Just what covers the downstage area may be what most intrigues theatergoers of a mystical or historical bent. "We've created a disc on which talismanic symbols are engraved. In this choice, we were inspired by Dr. Dee. Not literally by his words so much as by his writings." 

Don't worry if Dr. Dee sounds like some rapper you are ashamed you haven't heard of. Pask is referring to John Dee, born in 1527 and died in 1608 or 1609, who is Wikipedia'd as a "a Welsh mathematician, astronomer, astrologer, occultist, navigator, imperialist, and consultant to Queen Elizabeth I." Pask enumerates: "In a creative meeting, as we were planning the 'Macbeth' production, [the costume designer] Cathy Zuber and I were talking to Jack about Dr. Dee. The more we spoke about him, the more his life and learning inspired us as we came up with our designs." 

But don't worry: in order to appreciate the Macbeth set, you don't have to be as learned as Dr. Dee or as immersed in arcana as he was or believe, as he did, that God's creation is an act of numbering. 

"Our audiences," added Pask, who was raised in Yuma, Arizona, "don't need to know anything beforehand.
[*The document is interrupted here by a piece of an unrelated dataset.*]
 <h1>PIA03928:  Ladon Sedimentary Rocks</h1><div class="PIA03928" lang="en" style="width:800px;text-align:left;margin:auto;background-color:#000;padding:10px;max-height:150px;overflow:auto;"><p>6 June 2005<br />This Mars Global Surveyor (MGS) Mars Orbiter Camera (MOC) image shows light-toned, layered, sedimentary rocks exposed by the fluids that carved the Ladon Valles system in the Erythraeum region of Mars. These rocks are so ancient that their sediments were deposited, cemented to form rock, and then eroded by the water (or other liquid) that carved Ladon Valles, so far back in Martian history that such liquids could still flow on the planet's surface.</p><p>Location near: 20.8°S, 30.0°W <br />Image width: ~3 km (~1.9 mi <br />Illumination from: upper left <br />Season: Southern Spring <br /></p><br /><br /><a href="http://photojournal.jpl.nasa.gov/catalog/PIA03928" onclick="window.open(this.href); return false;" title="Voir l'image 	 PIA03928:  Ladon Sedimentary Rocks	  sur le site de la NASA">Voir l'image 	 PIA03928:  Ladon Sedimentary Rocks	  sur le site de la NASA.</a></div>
They are much more likely to be struck by the fact that the design is largely abstract or that the set is largely dark with flourishes of red." He added: "And as the evening goes along, they may notice that the walls upstage start to look as if they've been scarred by a broadsword." 

As much as anything, said Pask, whose next projects include a Chicago Lyric Opera production of The Barber of Seville and Harvey Fierstein's new play,Casa Valentina, next spring on Broadway, "we wanted to create a sense of monumentality. The Beaumont is so well-suited for that. As I learned first-hand from The Coast of Utopia, you can literally come on from sixty feet upstage. I love seeing someone make an entrance all the way from Tenth Avenue." 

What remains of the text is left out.